The driver code is only loaded once, but it allocates a separate context structure for each card. Typically you will see a struct pci_driver with a .probe function pointer. The probe function is called once for each card by the PCI support code, and it calls alloc_etherdev to allocate a network interface with space for whatever private context it needs.
I am interested in developing kernel module that binds two block devices into a new block device in such manner that first block device contains data at mount time, and the other is considered empty. Every write is being made to second partition, so on next mount the base filesystem remains unchanged. I know of solutions like UnionFS, but those are filesystem-based, while i want to develop it a layer lower, block-based.
Can anyone tell me how could i open ad read/write block device from kernel module? Possibly without using userspace program for reading/writing merged block devices. I found similar topic here, but the answer was rather unsatysfying because filp_* functions are rather for reading small config files, not for (large) block device I/O.
Since interface for creating block devices is standarized i was thinking of direct (or almost direct) acces to functions implementing source devices, as i will be requested to export similar functions anyway. If i could do that i would simply create some proxy-functions calling appropriate functions on source devices. Can i somehow obtain pointer to a gendisk structure that belongs to different driver?
This serves only my own purposes (satisfying quriosity being main of them) so i am not worried about messing my kernel up seriously.
Or does somebody know if module like that already exists?
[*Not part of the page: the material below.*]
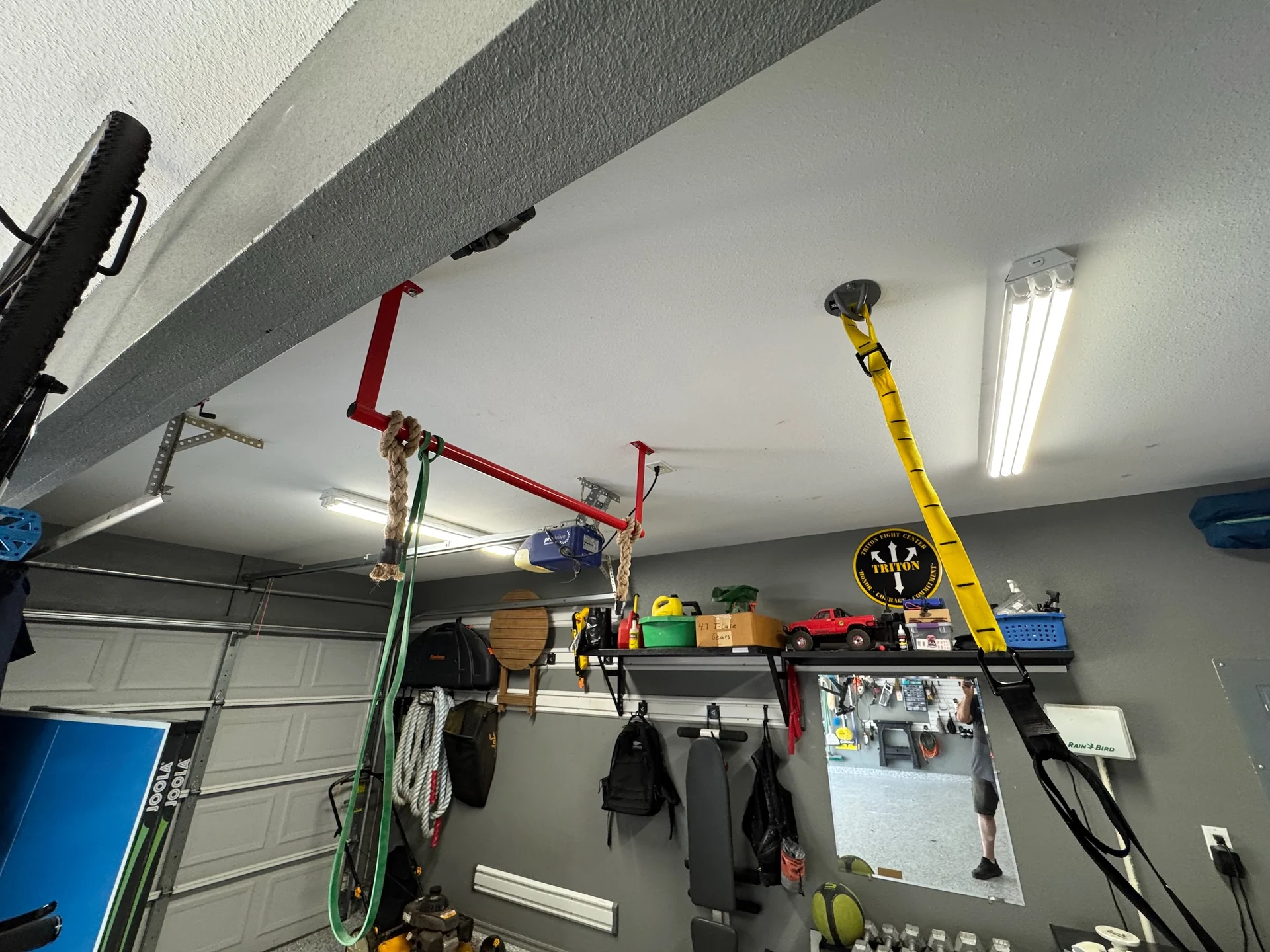 Garage ceiling lighting above an exercise and storage area with the garage door closed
The source code in the device mapper driver will suit your needs. Look at the code in the Linux source in Linux/drivers/md/dm-*.
You don't need to access the other device's gendisk structure, but rather its request queue. You can prepare I/O requests and push it down the other device's queue, and it will do the rest itself.
I have implemented a simple block device that opens another block device. Take a look in my post describing it:
stackbd: Stacking a block device over another block device
Here are some examples of functions that you need for accessing another device's gendisk.
The way to open another block device using its path ("/dev/"):
struct block_device *bdev_raw = lookup_bdev(dev_path);
printk("Opened %s\n", dev_path);
if (IS_ERR(bdev_raw))
{
printk("stackbd: error opening raw device <%lu>\n", PTR_ERR(bdev_raw));
return NULL;
}
if (!bdget(bdev_raw->bd_dev))
{
printk("stackbd: error bdget()\n");
return NULL;
}
if (blkdev_get(bdev_raw, STACKBD_BDEV_MODE, &stackbd))
{
printk("stackbd: error blkdev_get()\n");
bdput(bdev_raw);
return NULL;
}
The simplest example of passing an I/O request from one device to another is by remapping it without modifying it. Notice in the following code that the bi_bdev entry is modified with a different device. One can also modify the block address (*bi_sector) and the data itself.
static void stackbd_io_fn(struct bio *bio)
{
bio->bi_bdev = stackbd.bdev_raw;
trace_block_bio_remap(bdev_get_queue(stackbd.bdev_raw), bio,
bio->bi_bdev->bd_dev, bio->bi_sector);
/* No need to call bio_endio() */
generic_make_request(bio);
}
Consider examining the code for the dm / md block devices in drivers/md - these existing drivers create a block device that stores data on other block devices.
In fact, you could probably implement your idea as another "RAID personality" in md, and thereby make use of the existing userspace tools for setting up the devices.
You know, if you're a GPL'd kernel module you can just call open(), read(), write(), etc. from kernel mode right?
Of course this way has certain caveats including requiring forking from kernel mode to create a space for your handle to live.